Drupal 8, Pantheon & GitKraken: Part 3 of 3

Welcome to the third and final installment of our three part Drupal 8, Pantheon & GitKraken series.  For more information on what this series will be covering check out our intro HERE.

The first installment of the series can be found HERE.  For the second installment click HERE.

OK so now that we have our site all set up on Pantheon, Gitkraken installed and configured, and our remote repo cloned it's time to version control some of our work.

Step 1. Exporting our sites "Active" configuration

When making changes on your Pantheon dev site you are changing the "active" configuration. There are many things we can do to our site to change this but for this example I have created a new view.  Once you have made your change the goal is to now take this active configuration, version controll it, and move it into our "staged" configuration:

1. In the admin menu go to Configuration>Configuration Synchronization and click the export tab.

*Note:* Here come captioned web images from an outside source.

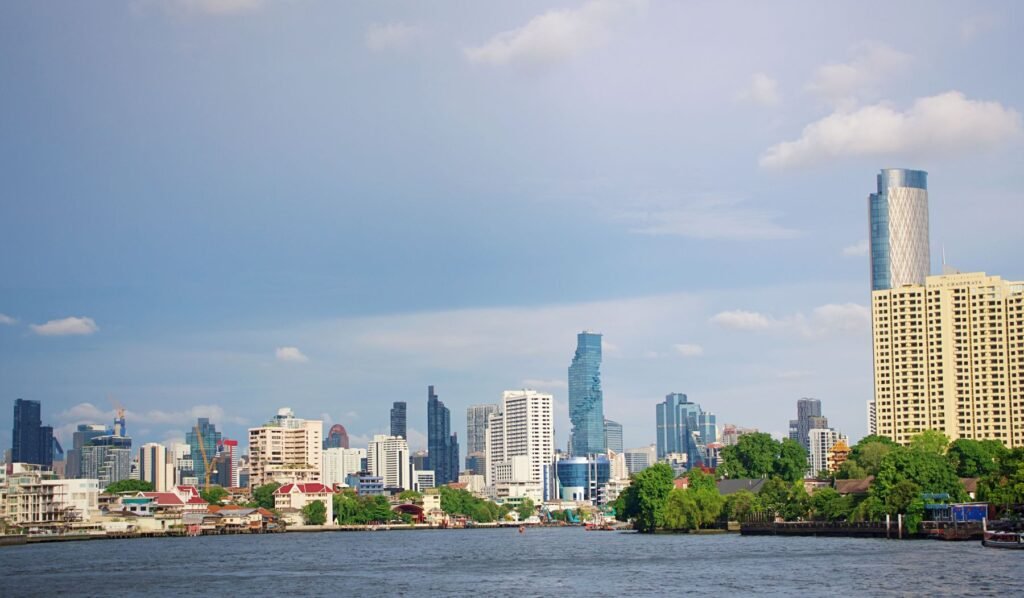 Skyline van Bangkok aan de rivier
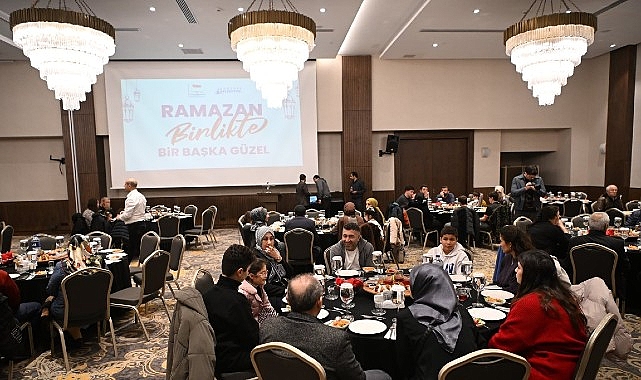 Kartepe’de Ramazan’ın İlk İftarında Şehit Aileleri ve Gazilerle Anlamlı Buluşma 1 kartepede ramazanin ilk iftarinda sehit aileleri ve gazilerle anlamli bulusma
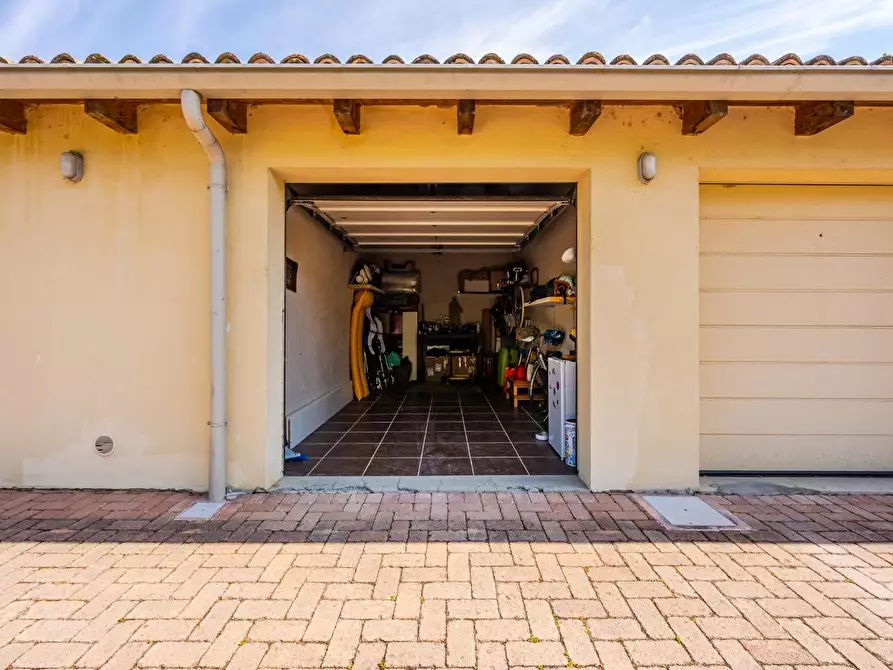 Immagine 46 di Appartamento in vendita  a Parma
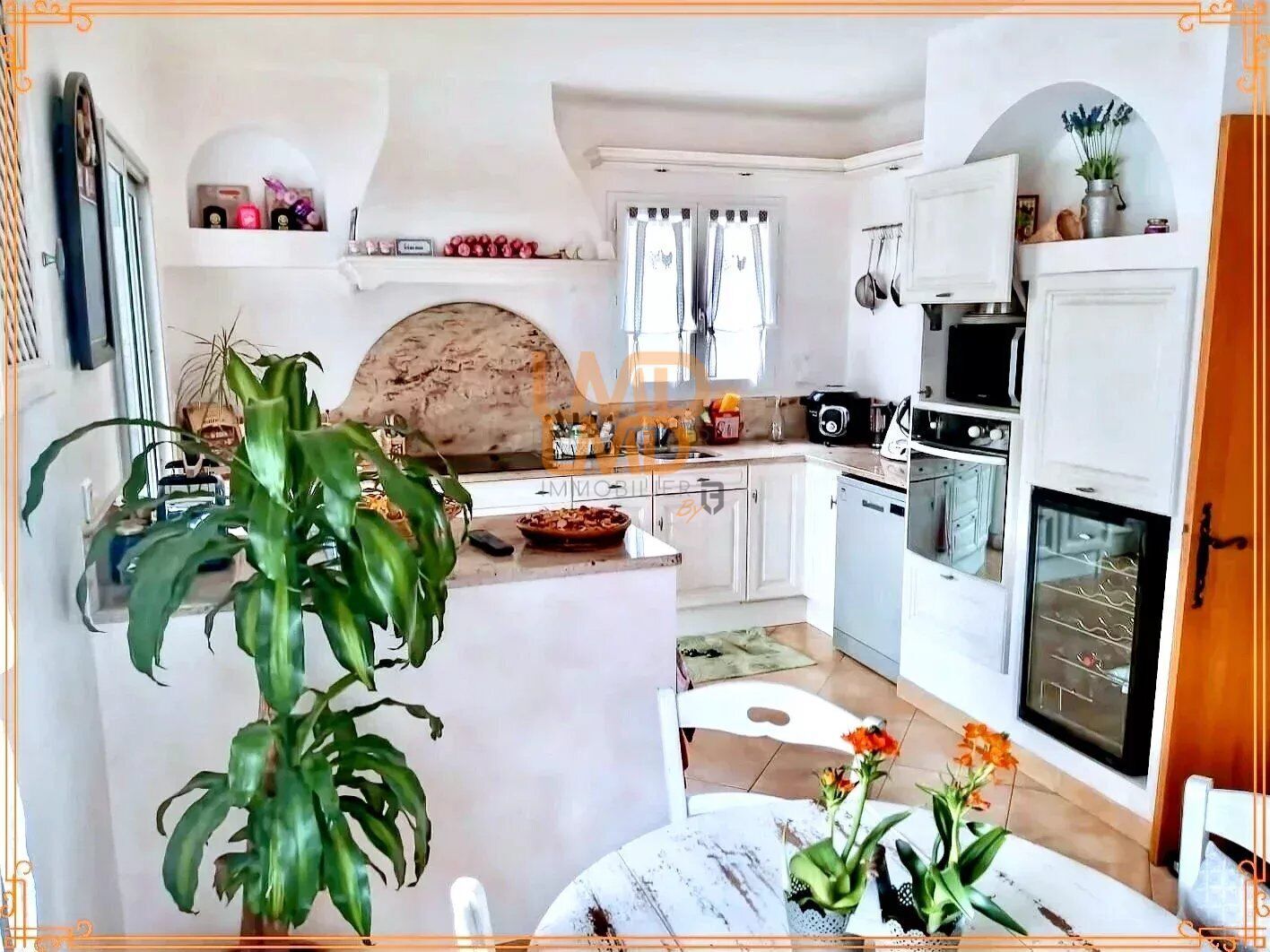 Élégante villa 176 m², piscine, 3 grands garages, appartement  - 797ec707-ce0a-40ad-af89-29765ef25d1f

2. With Full Archive selected, export the sites active config.

 

Step 2. Pull from the remote repo to our local repo

Now that we have our active config exported we want to do a Pull from the remote repo to ensure our local repo is up to date before we change the staged config.

1. In Gitkraken click on the "Pull" icon.

(*note: For this tutorial this step is technically not needed since we know no one has changed our site since we cloned our repo BUT it is very important to always pull before you push)

 

Step 2. Updating our local Repo's "Staged" Configuration

Now that we have our dev sites active config exported and we have pulled from the remote repo, we need to update our local repos staged config:

1. Extract all the files from the export and place them in the following directory of your local repo: sites\default\config.

 

Step 3. Stage and Commit our changes locally

Once we have these files in this directory we should see the changes in Gitkraken. and we can stage and commit them to our local repo.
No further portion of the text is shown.